Congratulations Melissa Basil-Jones on your PhD!
Melissa has recently been awarded her doctorate for the thesis, ‘Fibrillar Collagen Structure in Ovine Leather and Related Materials and its Relationship to Strength’. With this publication, LASRA has reached a major milestone in its 7 year MBIE co-funded Consortium project identifying the fundamental aspects of the collagen network which contribute to the intrinsic strength of leather. The outcome could be worth an extra $125 million in export returns to our economy.
Until now, an understanding of the structure of these collagen fibrils and how they are affected by processing during the leather making process has remained largely elusive.
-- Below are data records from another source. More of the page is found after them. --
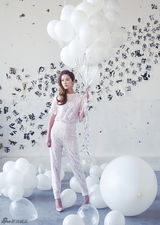 组图：颖儿时尚写真 修身镂空装梦幻少女气质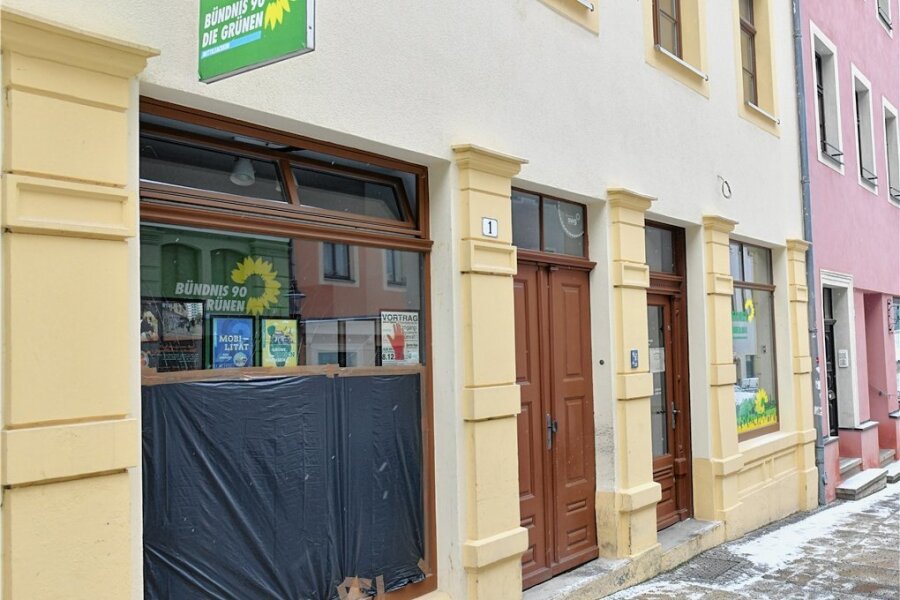 Parteibüro der Grünen in Freiberg beschädigt - Die zerstörte Schaufensterscheibe des Büros wurde provisorisch abgedichtet.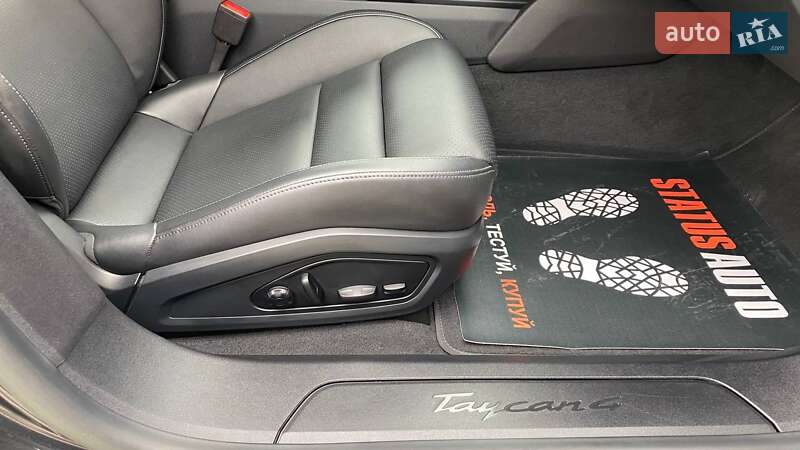 Седан Porsche Taycan Cross Turismo 2023 в Виннице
By application of the SAXS beamline on the Australasian Synchrotron a level of detail previously unknown has been revealed. The versatility of this $206 million instrument has allowed the structure of leathers processed by different methods to be analysed whilst simultaneously stretching them in a purpose built rig. Melissa found that sheep leather was weak because the collagen fibrils were poorly aligned compared to the stronger bovine leather.
This work is providing a new understanding of the bridge between the chemical properties of collagen fibrils and their structural make-up, such that the effect of tanning and other chemical processes can better be understood at the molecular level.
As Melissa finishes her pioneering studies in this field the work continues with the more practical effects of various tanning systems being investigated by Ms Katie Sizeland under the guidance of Professor Havercamp of Massey University and Dr Edmonds of LASRA.